Originally Posted by
DanceswithUnix
That bandwidth is important for GPUs actually isn't *strictly* true, you can't think of a GPU in CPU terms. A CPU has a few cores with two threads per core, the cache per thread is plentiful. The problem with a GPU is that it has thousands of threads, so even with more cache than a CPU it is overwhelmed and you end up with something like 64 bytes of cache per thread. That doesn't stop the fundamental problem that execution of a thread stops if a read instruction can't get its data, that's the same for a CPU and a GPU it is just the nature of compute. But it does mean that unlike with a CPU which can use cache to hide memory latency in the case of a GPU you are down to memory controller tricks.
What is the big trick of HBM memory?
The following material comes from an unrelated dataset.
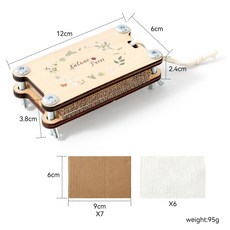 兒童益智玩具植物標本收集壓墊 戶外採集木質玩具, 花草壓墊, 1個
It is the fact that the 1024 bit wide memory channel is divided up into 32 bit chunks giving 32 individual memory channels servicing lots of threads in parallel. The same is true of GDDR memory, it is the ability to chop the memory accesses up into small chunks. Bandwidth of DDR4 used in CPUs is actually pretty good, but it doesn't get used in GPUs because the burst length is tuned for a CPU cache line width and that's like a flood of useless data to a GPU. There was an excellent Nvidia powerpoint stack about that, but I doubt I'll ever find it again.
Anyway, that's why I said GPUs like to be next to their memory controller.